Madison de Rozario admits she “resented” her body when she was growing up. Becoming a six-time Paralympic medallist – and getting a Barbie doll designed in her honour – made her realise it is perfect just as it is.
“Finding wheelchair racing, for the first time in my life I found the world that was truly designed for me by people that look like me,” the Australian athlete said.

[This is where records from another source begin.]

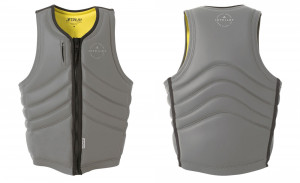 Спасательный жилет неопрен мужской Jetpilot Quantum CE Impact Neo Vest Grey (2020) 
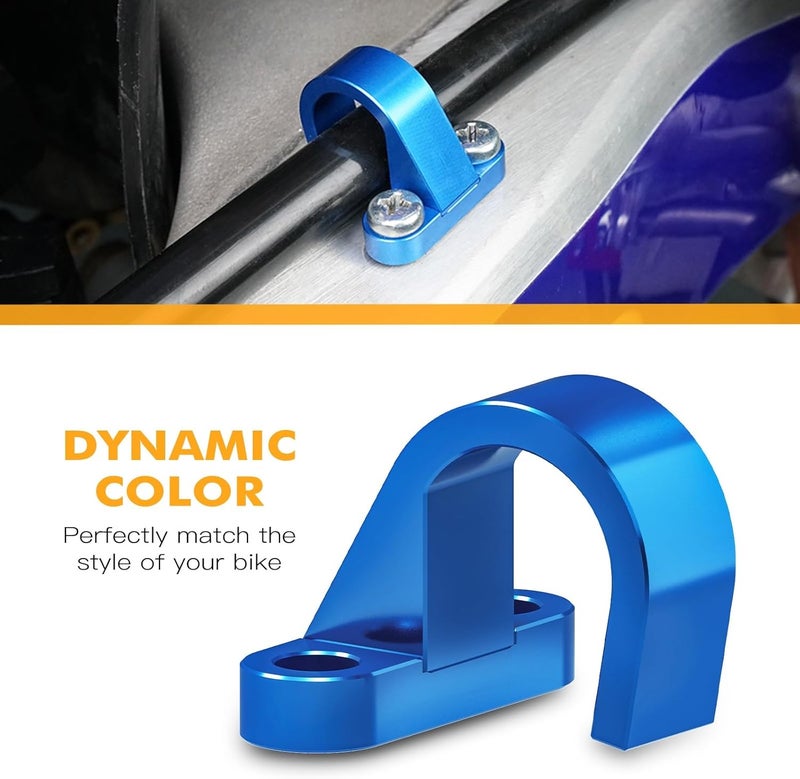 Wivplex Motorcycle Rear Brake Hose Clamp Guide - Image 4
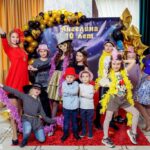 Голливудская вечеринка для детей в Пятигорске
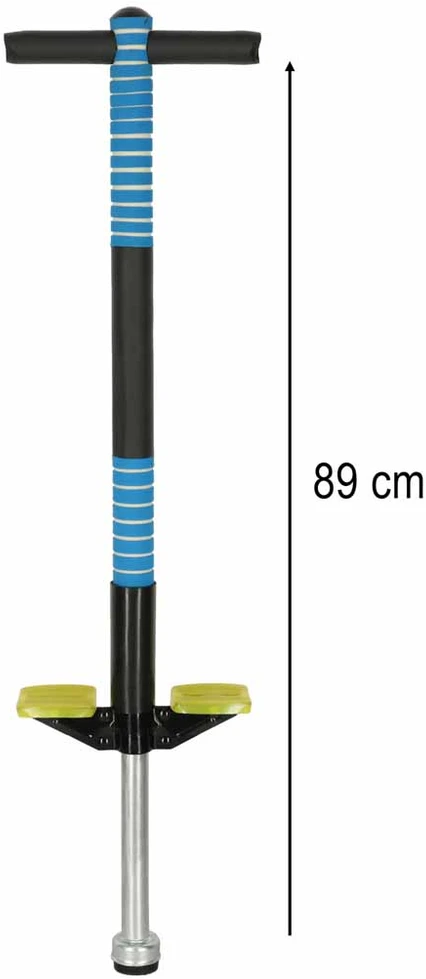 Ikonka Vaikiškas šokinėjimo lazda su rankena, aukštis 89 cm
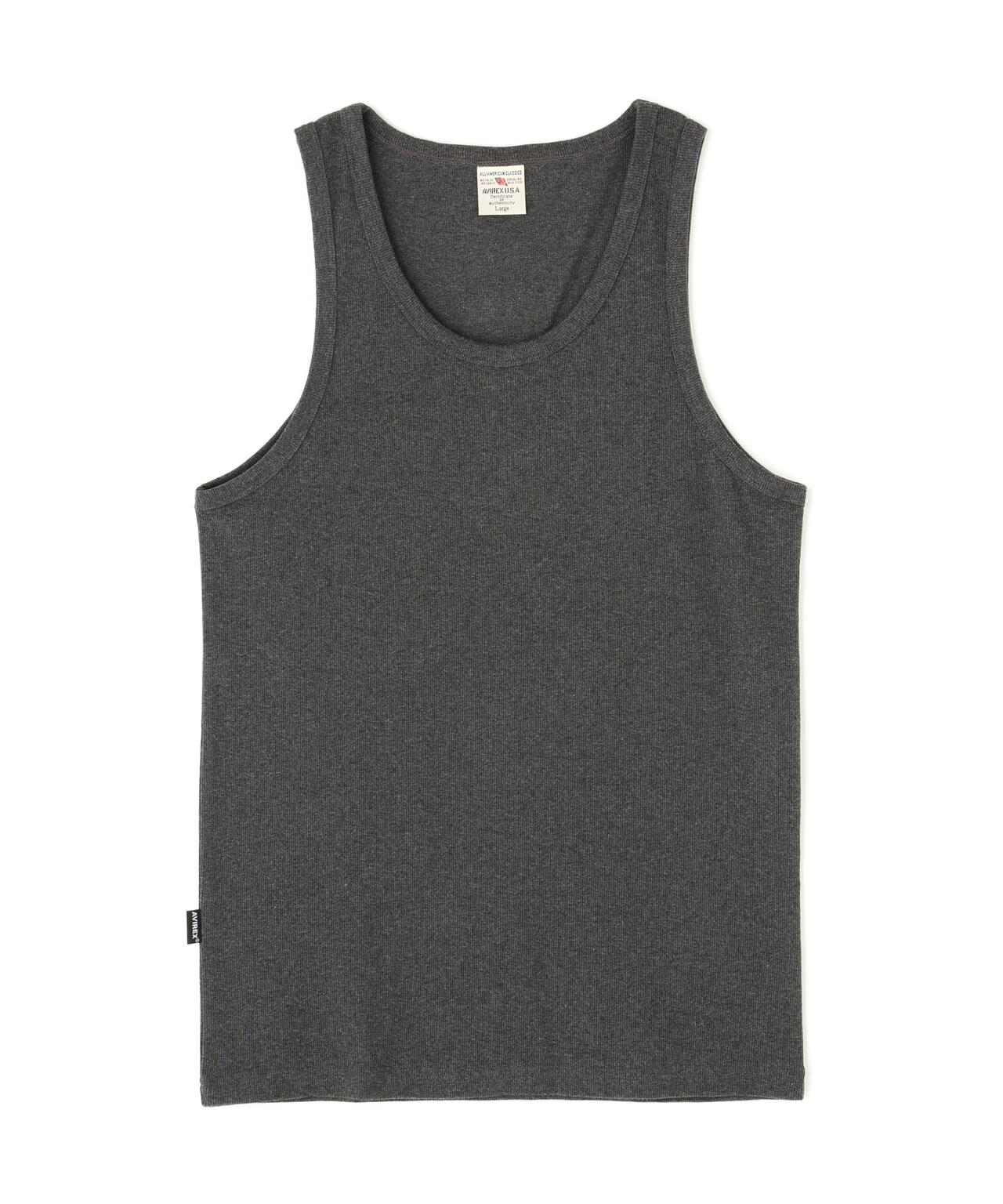 《DAILY/デイリー》RIB TANK TOP/リブ タンクトップ  デイリーウェア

“This body that I had grown to resent a little bit because it wasn't my idea of perfect, what I’ve been told it needed to be, was suddenly perfect for wheelchair racing. Everything that I disliked about it was suddenly required for this sport and I learned to love my body through everything that this sport took me through.”
Tracks and mirrors
De Rozario was four years old when she contracted transverse myelitis, a neurological disorder that caused an inflammation of her spinal cord and left her paralysed from the waist down.
The new body was not easy for de Rozario to come to terms with and while she tried some wheelchair sports to get a feeling for it, that too was not an immediate success.

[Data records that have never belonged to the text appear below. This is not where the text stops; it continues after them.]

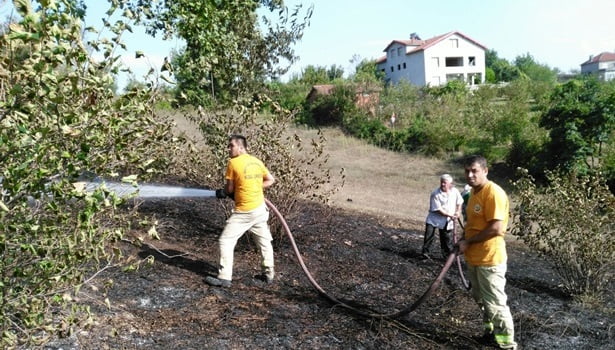 PINARCIK’TA YANGIN..!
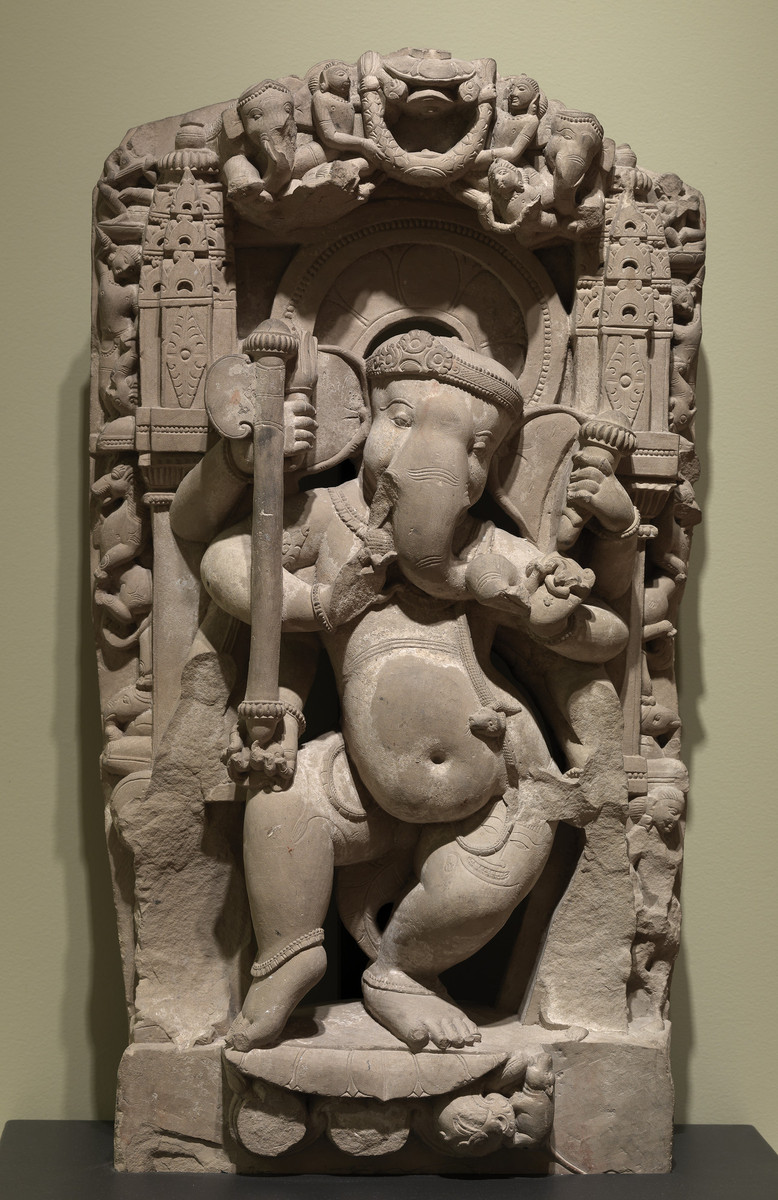 Detail Dancing Ganesha Statues Nomer 10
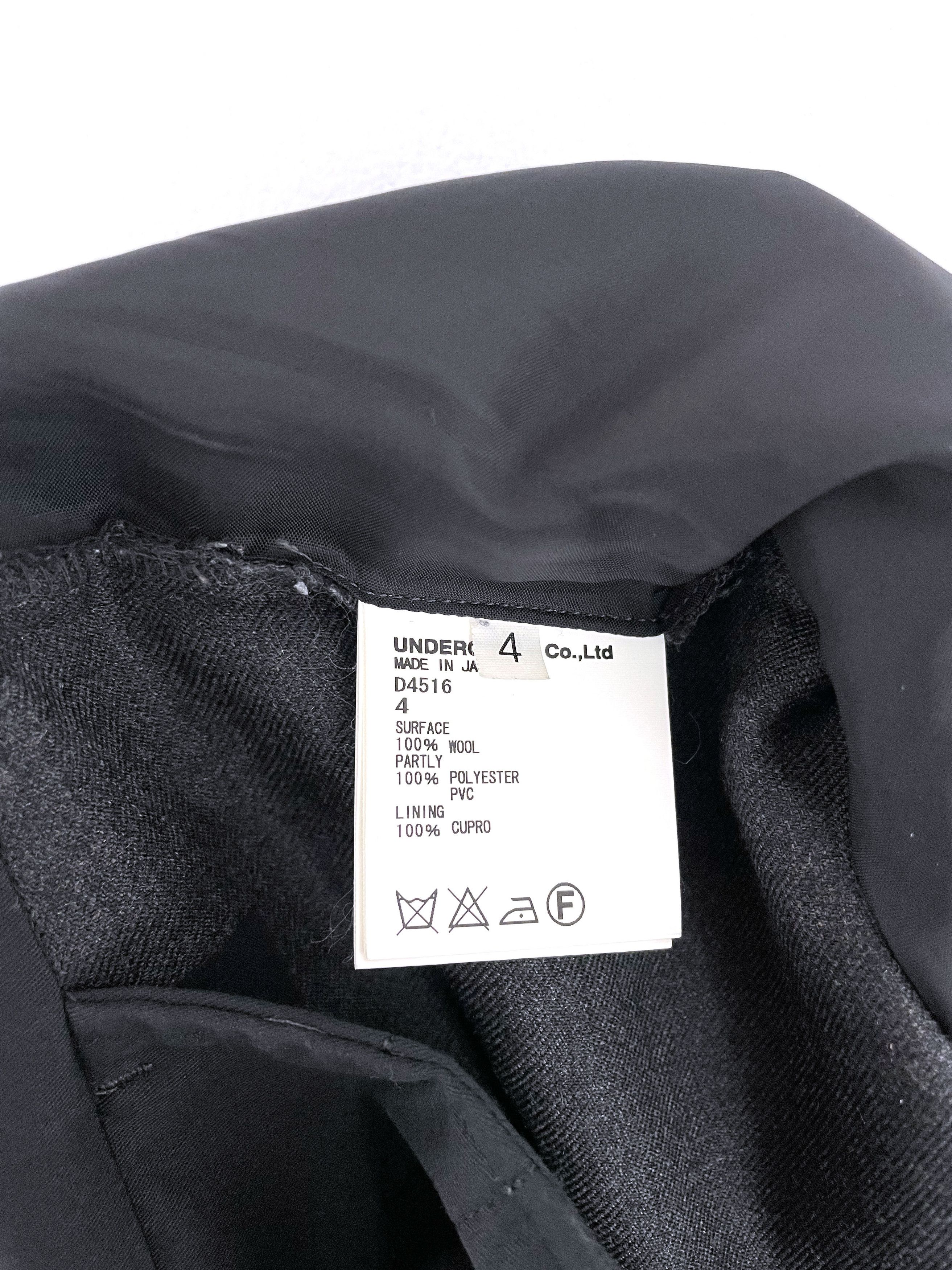 Undercover AW09 Earmuff Maniac Lightning Bolt Wool Pants Size US 32 / EU 48 - 11 Thumbnail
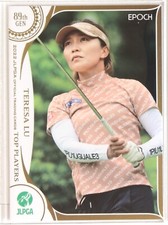 Teresa Lu (89 Gen) - 2022 JLPGA Women's Professional Golf Trading Card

She dabbled in wheelchair basketball and tennis before settling on wheelchair racing in 2006. Her success rate did not improve much after the switch, however.

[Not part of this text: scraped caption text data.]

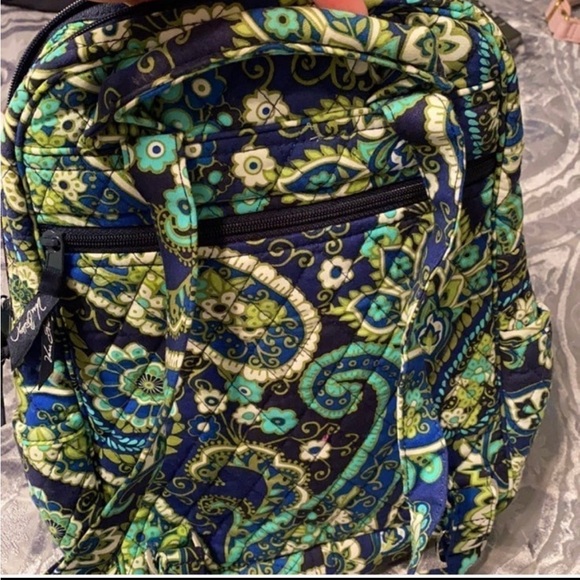 Authentic Vera Bradley Backpack Set - Picture 4 of 6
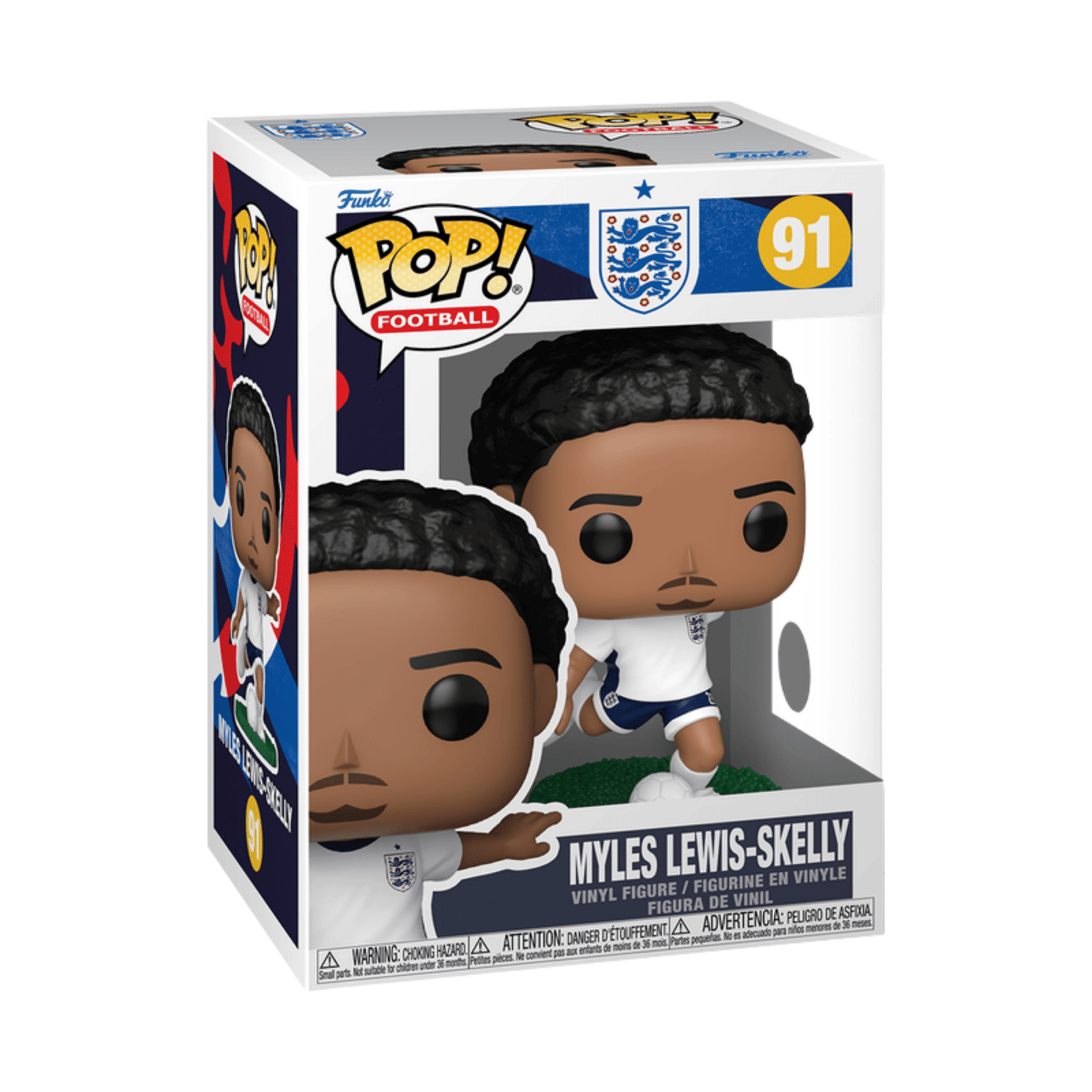 Funko Pop! England Myles Lewis - Skelly Vinyl Figure 91 | SoccerWearhouse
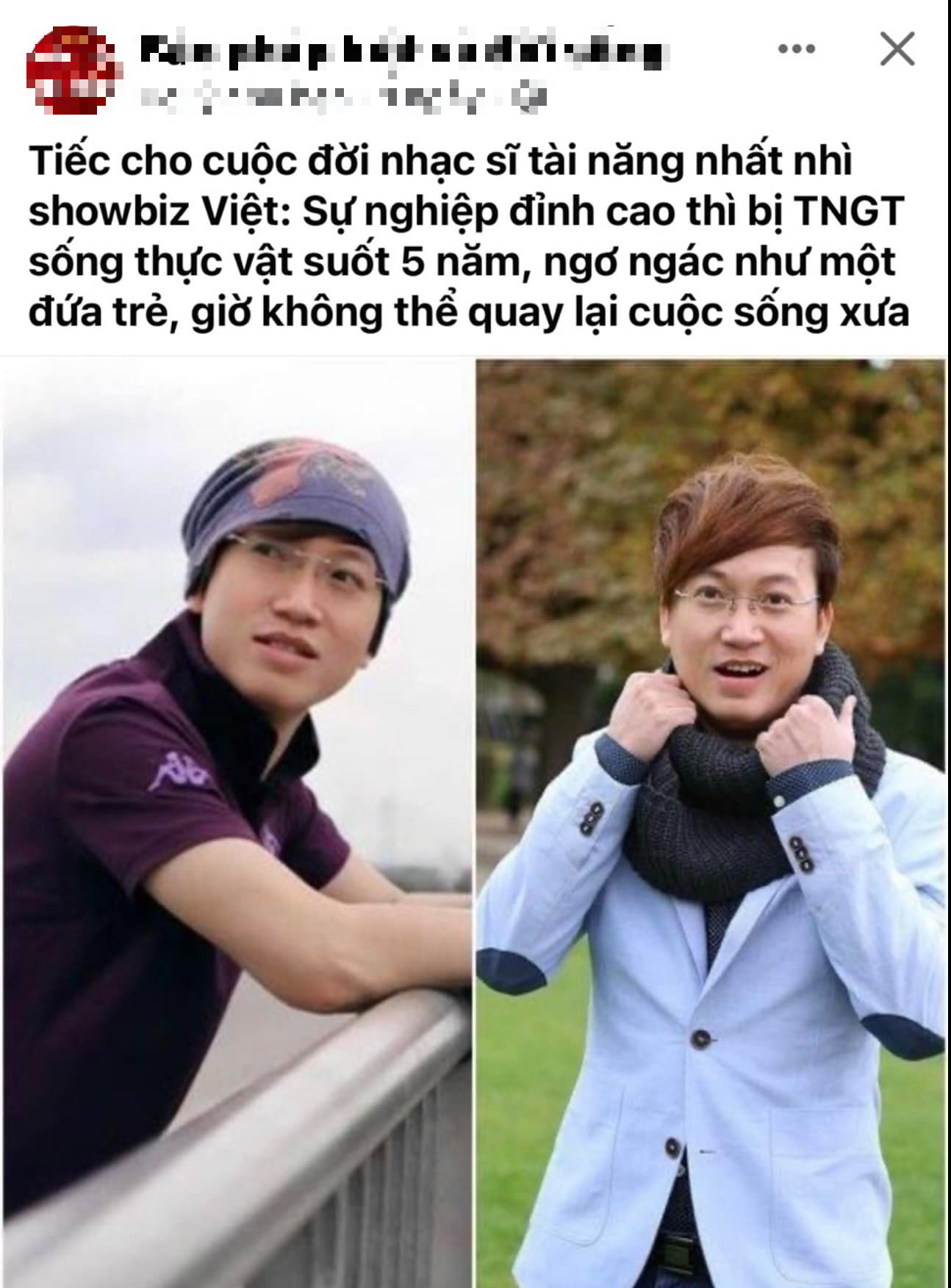 Bị đồn tai nạn 'sống thực vật', đời thực của Sỹ Luân ra sao?- Ảnh 1.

Seeing the teenager struggle with her race chair, her mother told her that she could quit the sport, but de Rozario stubbornly pushed on.
That stubbornness paid off as only two years later de Rozario made her Paralympic debut in Beijing. At age 14 she was the youngest athlete in the Australian delegation.
Her journey to China was also not only for the sake of experience: she came away with a silver from the women’s 4x100m T53/54 relay.
At the London 2012 Paralympic Games, de Rozario finished just off the podium in four races. Four years later she won her first individual medal, a silver in the women’s 800m T53, in addition to a silver with the women’s 4x400m T53/54 relay team.
At Tokyo 2020 she became a Paralympic champion after winning her signature women’s 800m T53 race, followed by another victory in the women’s marathon T54. She also picked up a bronze in the women’s 1500m T54.
In addition to her Paralympic hardware, de Rozario has won multiple medals at the World Championships and Commonwealth Games, Grand Prix and prestigious marathons.
With the training and races there also came a new appreciation for her body.
“It’s not just accomplishments, not just achievements or world titles or anything like that, but who it allowed me to become,” de Rozario said.
“The biggest impact that sport can have on and for people with disabilities is learning to reclaim and to own your physical self,” she added. “If you are asking as much of your body as sport asks of you, on a Paralympic level, an elite level or on a grassroots participation level, it doesn’t matter, if you are demanding anything of your body physically, you have to have that love and respect for it.”
In 2020 de Rozario was among several athletes who had dolls designed in their likeness. Her doll came complete with a race wheelchair and was revealed on International Women’s Day.
And just as thousands of kids around the world pick up Barbie dolls to play with, de Rozario hopes that they, like her, will also pick up a sport.
“Anyone who wants to get into any kind of sport, start! Find anything and it’ll progress from there,” she said.
“I, and everyone I know, we tried so many things. We've failed at so many things. I think even as an elite athlete, you fail so many more times than you succeed. That’s just how sport goes. That's how it all works. And that is 100 percent OK. Lean into those failures. Try anything and everything until you find something you love.”